West Midlands National Park plans move forward

Plans to create a West Midlands National Park have taken a step forward following a memorandum of understanding between the West Midlands Combined Authority and Birmingham City University.

The MoU formalises the WMCA’s backing for the national park, which is seen as a key component of a post-coronavirus green economic recovery in the region.

The idea for a West Midlands National Park was envisioned by Kathryn Moore, Professor of Landscape Architecture at Birmingham City University. The project seeks to establish a new kind of national park for the West Midlands. Despite being the birthplace of the industrial revolution and containing a complex infrastructure of motorways, roads and canals, the West Midlands is also home to major agricultural areas and beautiful open spaces.

The plan for the national parkcontains a variety of features to make the region a greener, healthier place in which to live and work including patterns of parks and squares that are easy and pleasant to walk through. Potential new housing developments would make the most of the beauty of the region by opening up views, horizons, and skylines and creating green spaces in the towns and cities.

Andy Street, the Mayor of the West Midlands, said: “A new type of national park in the West Midlands is an ambitious idea that will preserve and enhance the environment of our region, whilst creating a better quality of life for our citizens. These plans not only support our work to recharge and rebuild the region in the wake of the coronavirus pandemic, but will also help achieve our ambitions for a greener, healthier and more inclusive region that tackles the climate emergency and reaches net zero carbon emissions by 2041.”

Moore said: “It is tremendous to have an agreement between the WMCA and the BCU WMNP Lab. The West Midlands National Park is very different from a traditional national park. We are talking about a new kind of urban national park, one that brings the experience of national parks to urban populations rather than expecting people to travel to remote places.
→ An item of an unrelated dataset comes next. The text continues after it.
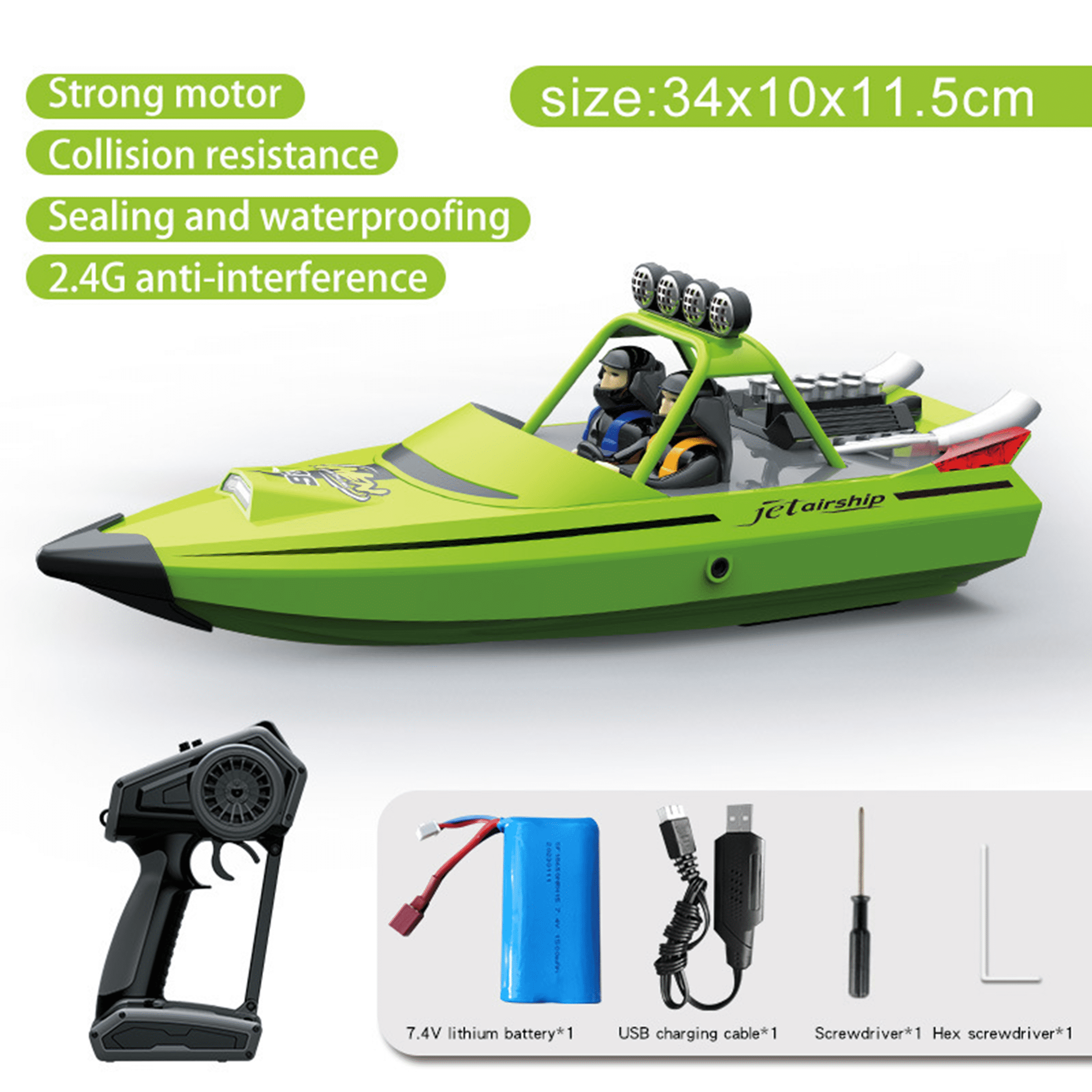 RC Jet Boat – Funtogether Toys Toy Jet Ski with Remote Control, 2.4GHz, LED Lights, 20MPH Fast Racing, 2 Rechargeable Batteries, Green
It’s about rekindling the relationship we have with the landscape, our sense of belonging and identity our sense of pride and desire to create a better future for our children and grandchildren.

“This is precisely what we need to have at the top of our political agenda in order to deal with climate change, to give plentiful access to quality green space and nature, provide cleaner air, water, soil and fresh food and create thriving self-sufficient communities post Covid-19. It will contribute towards the West Midlands having healthy places in which to live and work and becoming the best region to live in the UK because of the quality of the environment, quality of jobs and quality of education. Essentially the WMNP is an economic, social and environmental proposition that will bring many different strategies and ambitions together to transform the region.”

It is hoped that further details of the park will be finalised in the autumn with programme plan agreed by the end of 2020.